On Mon, Nov 19, 2007 at 11:35:02AM +0000, Martin Nilsson (Opera Mini - AFK!) @ Pike (-) developers forum wrote:
zero_type(({ UNDEFINED })[0]); // this is 1 array a = ({ UNDEFINED }); zero_type(a[0]); // this is 0
Well, it's not really an interesting case, because when you try to index something that has no index in an array you get an exception (like a[1] in this case).
since indexing here gives an exception then there is no harm to return UNDEFINED otherwise.
i am partly confused about the difference in the above results though.
greetings, martin.
Guess I was a bit tired when I wrote that.
The idea behind chaning the mapping case was to have a consistent behaviour between mappings and objects. With virtually no time spent considering the issue I see no reason to disallow subtypes in array entries either.
Oh, and the setter/getter syntax is `foo=(), not `=foo().
On Mon, Nov 19, 2007 at 04:50:02PM +0000, Martin Nilsson (Opera Mini - AFK!) @ Pike (-) developers forum wrote:
Oh, and the setter/getter syntax is `foo=(), not `=foo().
wasn't there a suggestion to change that from `foo=() to `=foo()?
I don't remember that. There was a suggestion (now implemented) to change from `->foo=() to `foo=().
One other thing to tag on to the end of the UNDEFINED discussion was the idea that we should add undefinedp() or similar, as zero_type can be tough to get comfortable with.
Bill
I've already implemented undefinedp() and destructedp(), but I feel they are a bit clumsy to write. Perhaps remove the "p"?
Another option would be "is_undefined()" and "is_destructed()", as we already have e.g. has_index(). OTOH, the "p" notation is already used for other type testing functions.
or reversing it? definedp() is_defined()
maybe even valuep() or typep() like is it a string, here asking is it any value or type at all.
greetings, martin.
We should probably stop with the "p"-ing already. It doesn't make any sense unless you are familiar with the concept from another programming language.
or maybe isdestructed(), etc? not having a qualifier might tend to suggest to the initiated that undefined() generates an undefined value rather than test for it. but, that could just be an educational point.
bill
On Nov 20, 2007, at 4:45 AM, Martin Nilsson (Opera Mini - AFK!) @ Pike (-) developers forum wrote:
I've already implemented undefinedp() and destructedp(), but I feel they are a bit clumsy to write. Perhaps remove the "p"?
!DSPAM:4742addd14298724344031!
Also there was a discussion about how modifiers should be handled. Currently the actual getter and setter functions are made private and the "union" of them are used as the visibility for the virtual symbol. This was argued against at the conference
could someone please repeat the rationale for changing that? martin stjernholm?
Ok. The reason is mainly to be consistent:
All other lfuns (`+, create, __hash, etc) are normal functions in this sense; they define an identifier with a normal declaration and the modifiers apply to that function, not the special characteristic it also enables. E.g:
class X (int n) { private X `+ (int n2) {return X (n + n2);} }
Here the function `+ is made private, but not the ability to use the object in an addition; you can still do X(3) + 4. I think this should apply to these functions too.

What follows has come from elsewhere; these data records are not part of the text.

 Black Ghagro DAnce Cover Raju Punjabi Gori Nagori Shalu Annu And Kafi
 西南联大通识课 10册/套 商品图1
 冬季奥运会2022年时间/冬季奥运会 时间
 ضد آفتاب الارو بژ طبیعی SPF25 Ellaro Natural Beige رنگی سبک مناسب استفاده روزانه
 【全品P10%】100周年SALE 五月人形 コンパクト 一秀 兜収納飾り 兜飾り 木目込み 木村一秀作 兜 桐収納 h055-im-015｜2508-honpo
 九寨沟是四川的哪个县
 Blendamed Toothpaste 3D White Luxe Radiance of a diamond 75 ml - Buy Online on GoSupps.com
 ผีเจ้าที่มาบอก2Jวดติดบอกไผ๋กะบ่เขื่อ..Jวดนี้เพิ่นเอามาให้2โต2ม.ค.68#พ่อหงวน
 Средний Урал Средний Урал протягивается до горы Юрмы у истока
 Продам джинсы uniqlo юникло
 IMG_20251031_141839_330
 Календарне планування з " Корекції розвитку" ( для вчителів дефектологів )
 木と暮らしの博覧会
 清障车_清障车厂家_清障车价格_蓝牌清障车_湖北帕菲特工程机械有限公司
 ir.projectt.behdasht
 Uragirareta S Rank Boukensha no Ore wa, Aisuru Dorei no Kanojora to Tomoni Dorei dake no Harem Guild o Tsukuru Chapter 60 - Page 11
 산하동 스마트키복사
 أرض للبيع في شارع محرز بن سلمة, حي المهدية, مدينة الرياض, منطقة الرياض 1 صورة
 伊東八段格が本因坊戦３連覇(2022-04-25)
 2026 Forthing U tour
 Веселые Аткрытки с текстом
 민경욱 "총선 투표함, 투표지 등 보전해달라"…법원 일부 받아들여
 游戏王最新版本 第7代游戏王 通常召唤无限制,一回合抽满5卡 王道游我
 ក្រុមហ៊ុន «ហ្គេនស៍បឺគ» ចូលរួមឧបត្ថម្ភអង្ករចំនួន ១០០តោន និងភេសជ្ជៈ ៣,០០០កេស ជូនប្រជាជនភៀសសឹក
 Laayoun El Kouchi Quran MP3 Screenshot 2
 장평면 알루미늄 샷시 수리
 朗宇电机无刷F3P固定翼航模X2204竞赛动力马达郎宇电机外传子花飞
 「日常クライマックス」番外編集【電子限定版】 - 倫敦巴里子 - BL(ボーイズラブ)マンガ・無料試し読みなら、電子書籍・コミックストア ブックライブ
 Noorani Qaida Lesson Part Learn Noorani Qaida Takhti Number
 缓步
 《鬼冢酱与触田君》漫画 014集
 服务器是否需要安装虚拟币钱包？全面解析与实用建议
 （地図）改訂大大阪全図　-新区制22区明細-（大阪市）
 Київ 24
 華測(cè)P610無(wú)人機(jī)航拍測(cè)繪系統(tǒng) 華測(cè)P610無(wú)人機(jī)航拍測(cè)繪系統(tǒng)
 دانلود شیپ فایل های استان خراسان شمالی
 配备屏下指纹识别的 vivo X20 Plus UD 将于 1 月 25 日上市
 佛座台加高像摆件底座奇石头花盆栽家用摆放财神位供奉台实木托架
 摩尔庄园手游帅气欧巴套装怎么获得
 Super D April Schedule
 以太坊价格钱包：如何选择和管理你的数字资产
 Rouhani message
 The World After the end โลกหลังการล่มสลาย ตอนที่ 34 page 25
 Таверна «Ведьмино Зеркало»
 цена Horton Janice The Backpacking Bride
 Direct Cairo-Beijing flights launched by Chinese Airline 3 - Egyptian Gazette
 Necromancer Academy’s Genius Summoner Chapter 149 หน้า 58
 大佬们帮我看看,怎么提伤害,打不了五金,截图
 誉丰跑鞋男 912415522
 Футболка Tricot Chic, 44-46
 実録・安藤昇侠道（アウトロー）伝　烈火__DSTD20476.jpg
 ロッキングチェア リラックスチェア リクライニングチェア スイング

The argument has been raised that it never would be interesting to call the setter and getter functions with their function syntax (i.e. `foo=(17) or x->`foo=(17)), but to that I respond: Prove it. All other special functions have been useful in function form, so it's not safe to say these would never be useful that way. And if they are used in function form then it follows that it's interesting control access to them too.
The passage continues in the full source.